Take A Bow Mary Toy, Teacher Of Generations Of Musicians And Music Lovers, Gives Her Last Piano Lesson In Spokane

It was Ash Wednesday, and Spokane’s own Archie Chen was seated at a piano in the Vatican in Rome.

Pope John Paul II had just finished mass, and Chen and a small group of hand-picked musicians from around the world were getting ready to play a concert for the pontiff.

The Vatican Radio Network was preparing to broadcast the concert globally. But at that moment, Chen wasn’t thinking about Beethoven’s “Spring Sonata,” the first selection of the program.

His thoughts were on a woman.

“Mary Toy was on my mind,” Chen said, thinking back to that day in February 1996. “I was just thinking about all the things she said in all those years of lessons.”

Toy has been on the minds of a lot of people lately. An icon in Spokane’s music world, Toy is moving to Kirkland, Wash., in August to be closer to her children and grandchildren.

She will conduct her final piano lesson today from the Toy Music Studio, which is based in her home at 2309 W. Rockwell.

The veteran instructor has lived in Spokane 42 years, although she’s passed on more years of musical expertise than that to her students.

“Her attitude is so positive,” Chen said. “It helps you become the same way.”

Chen, 20, began taking lessons from Toy when he was 6 years old. He has been gaining national recognition as a pianist since before he graduated from Mead High School in 1995.

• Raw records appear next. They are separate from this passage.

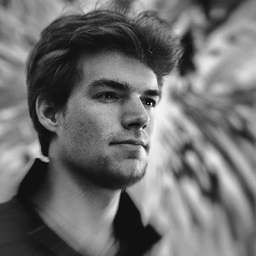 Robin Alexander Kruse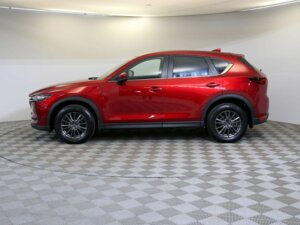 Mazda CX-5 2019 2.0 AT (150 л.с.) Active c пробегом - фото 8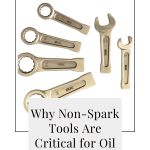 Why Non-Spark Tools Are Critical for Oil & Gas Sector in UAE
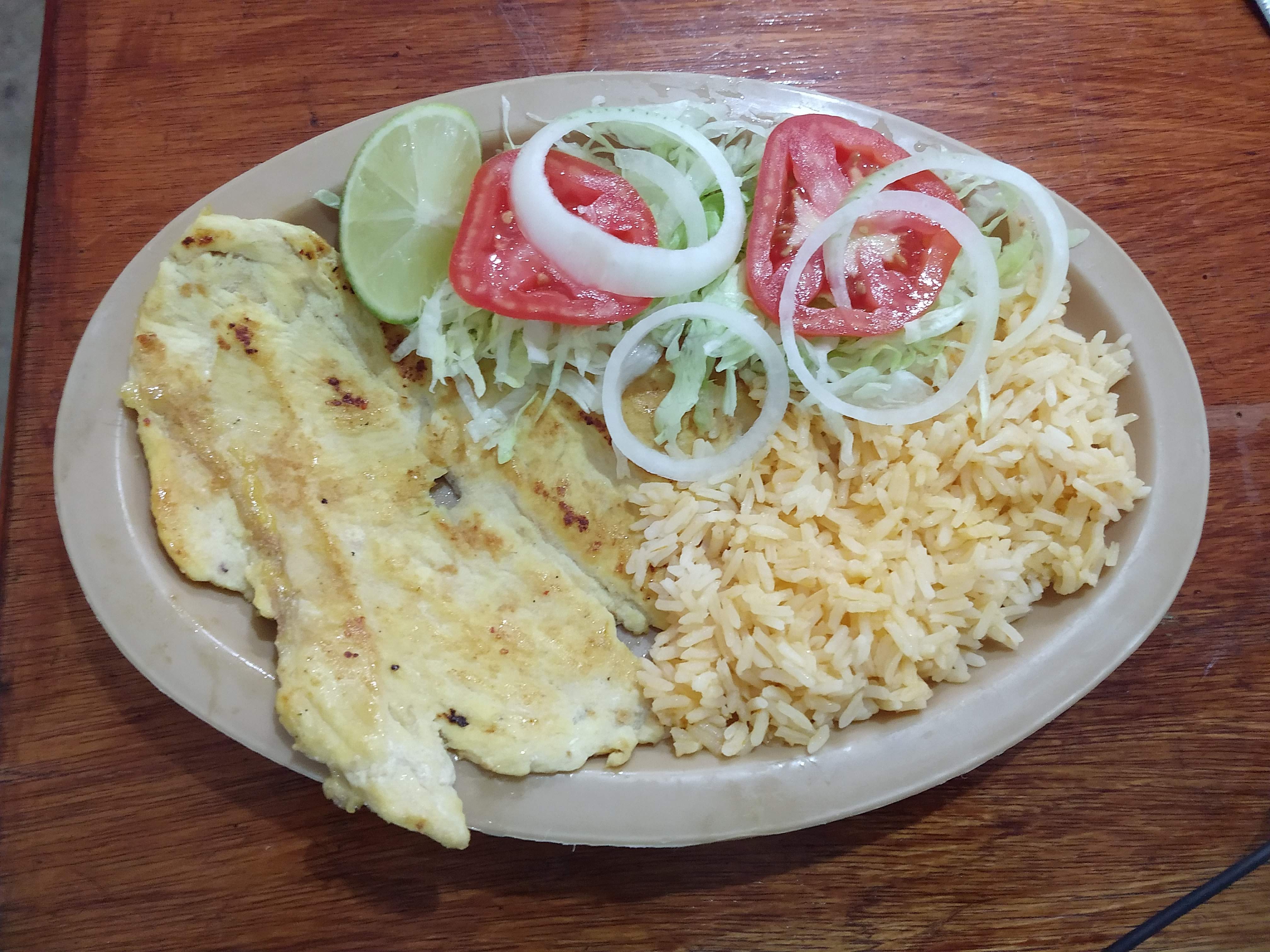 Coctelería y Pollos Asados Las Güeras image 4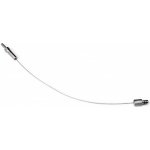 Taska Sensalite čtverhranná struna 20 cm – Hledejceny.cz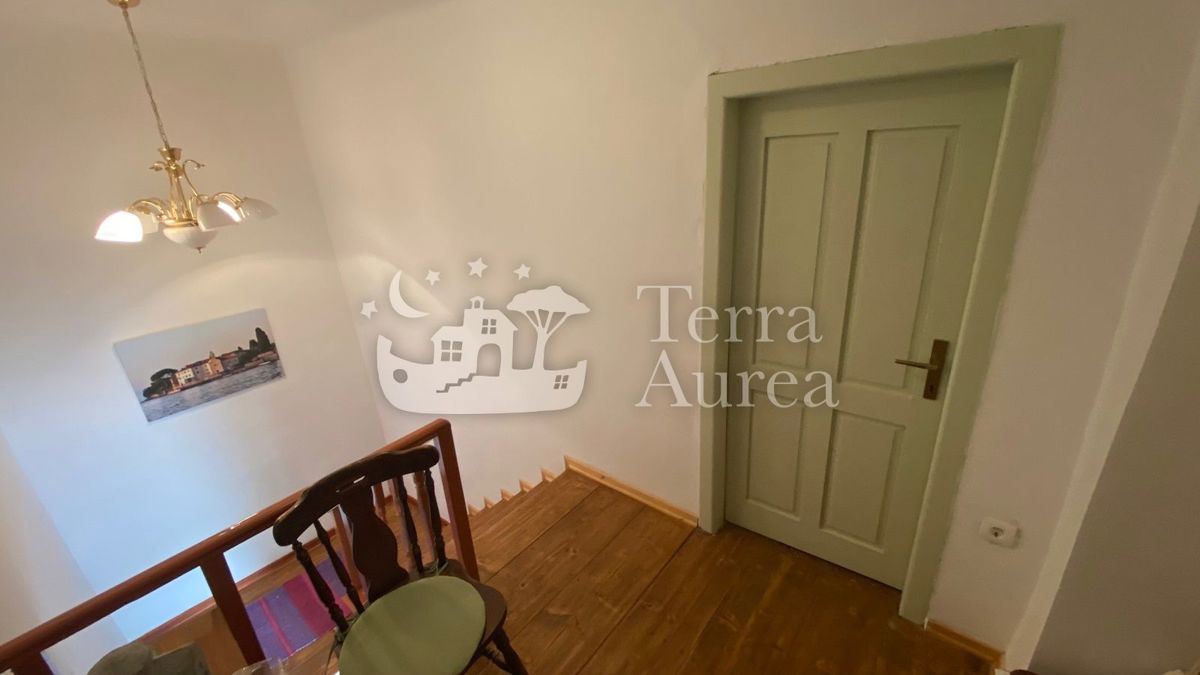 Vecchia casa Milohnići, Krk, 210m2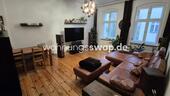 Foto - Wohnungsswap - 2 Zimmer, 70 m² - Gieselerstraße, Wilmersdorf, Berlin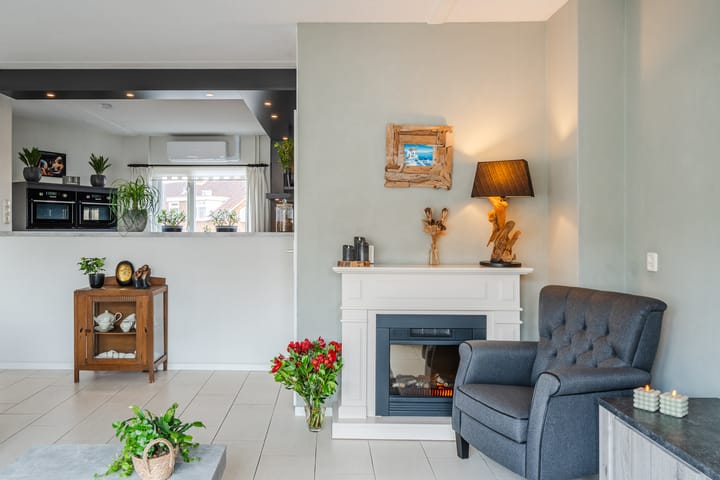 Photo 28 of Marshallstraat 50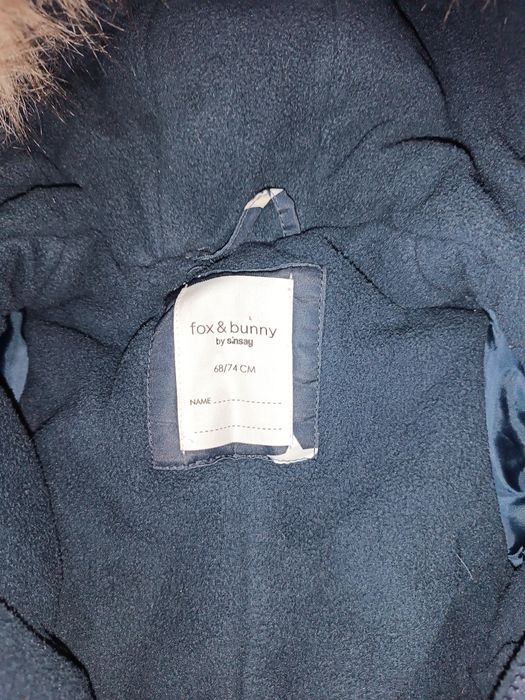 Бебешки космонавт, два броя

He’s getting ready to start his third year at Indiana University in Bloomington, Ind.

“If it wasn’t for Mary, I wouldn’t be here,” Chen said. “I feel much gratitude for having met her and studied with her.”

Jill Cutler sings Toy’s praises, and she’s never even had a formal piano lesson from her. Still, tears rush to Cutler’s eyes when she thinks about the departure of the woman who has given piano lessons to her three daughters and husband in the past 30 years.

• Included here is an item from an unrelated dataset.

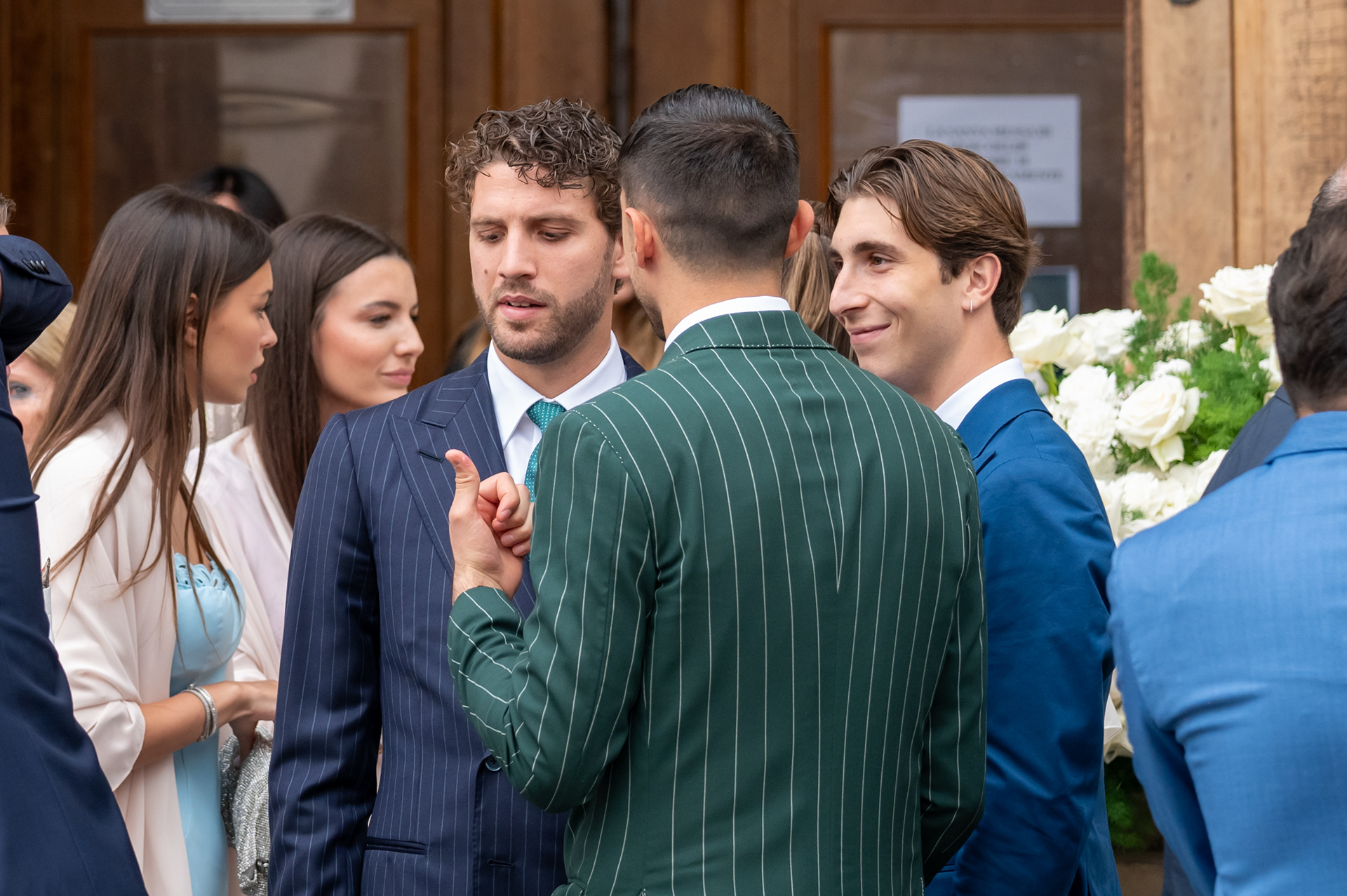 Locatelli - Perin - Miretti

“We feel so blessed that we’ve had her as long as we’ve had,” Cutler said, hopelessly trying to dry her eyes with a dripping wet tissue.

Toy taught Cutler’s husband, Robert, when he was a child. She then taught the couple’s three daughters, Robin, Amy and Rachel.

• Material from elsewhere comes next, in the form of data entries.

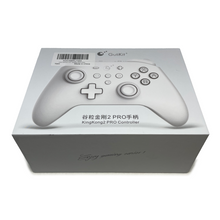 画像をギャラリービューアに読み込む, GuliKit KingKong 2 Pro Controller
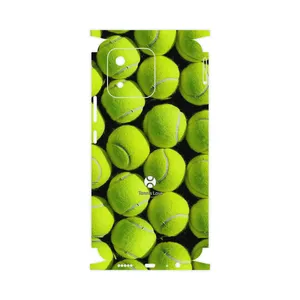 MAHOOT Tennis-FullSkin Cover Sticker for Honor X5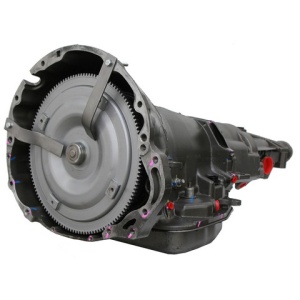 Dodge A518 Remanufactured 4-Speed Automatic Transmission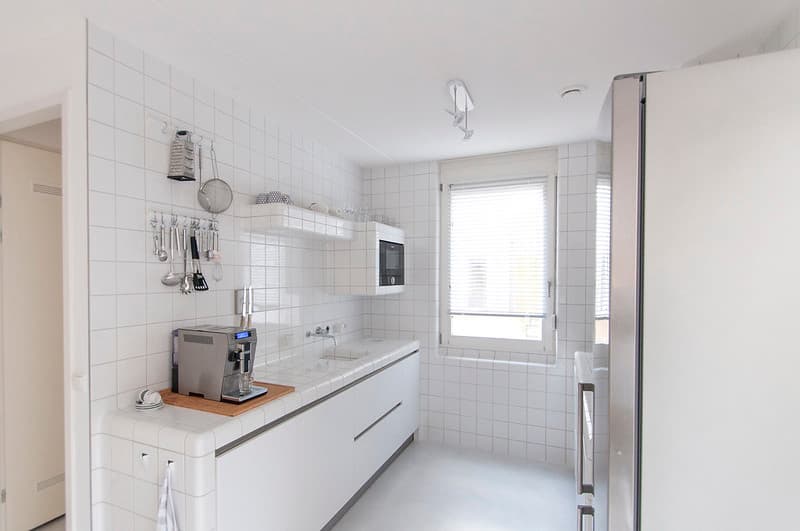 Hans Kitchen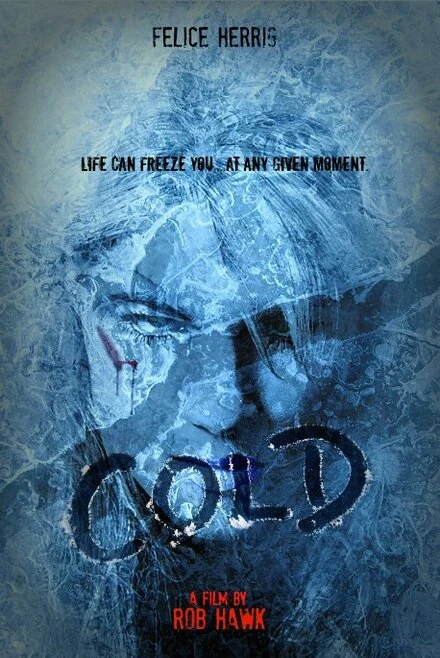 Постер Cold 2018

Toy feels the same affection for her students as they do for her.

“I’ve been blessed to be around beautiful people who were willing and wanted to learn,” Toy said. “I honestly don’t believe I’ve ever turned away more than one or two students who didn’t want to learn.”

Toy is a master.

“When people ask me, ‘Where do you take piano lessons?’ I say, ‘Mary Toy,’ and then they go, ‘Ooohhh, well that explains it,”’ said 10-year-old Mackenzie Madsen.

Madsen’s parents, Jennifer and Lon, were referred to Toy by one of her former students.

“She told us, ‘If you want a real piano teacher, then call Mary Toy,”’ Jennifer Madsen said.

Toy has had so many students in her home that years ago she had the lawn in her front yard removed and paved with blacktop so the students’ parents could have more room to park.

Two pianos sit in the front room of her home where she gives lessons.

Despite the glowing accolades from those who know her, Toy seldom discusses details about her formal music training.

“People have preconceived notions about what you know based on a sheet of paper you may or may not have earned,” Toy said.

“I know more people with Ph.D.s that don’t know two hills of beans. It’s not the piece of paper; it’s the ability to impart that knowledge to the student that counts.”

Toy will only say she’s been studying music since she was a teenager. She won’t reveal her age. Her husband, Steve Toy, died seven years ago. She still wears a wedding band.

“Age means nothing,” she said. “Life is how you live, embrace and react to it all.”

Toy is proud of one accomplishment, however. A few years ago she was presented with the prestigious Master Certificate in Piano from the National Music Teachers Association.

Toy served a brief stint on the board of directors for the Spokane Symphony in the 1950s, and she is currently a member of the state and national boards of the Music Teachers Association.

But more than the awards, Toy said she is first a music teacher.

“I bristle when I hear piano teacher,” she said. “Piano is just learning to tinkle your fingers. Teaching and learning music is a discipline.”

That is why she loves teaching students.

“It’s a form of discipline they don’t get anymore,” she explained. “Kids don’t farm land and chop trees. Seeing the kids blossom and learn how to work is what I strive for. It’s uplifting to their souls.”

Before formal lessons start, Toy sits down with a student and the child’s parent to get acquainted.

“It’s important to establish rapport in the first lesson,” Toy said.

From there, the main ingredients to understanding and playing music is learning to listen, learning music theory, reading the music and interpreting it, Toy said.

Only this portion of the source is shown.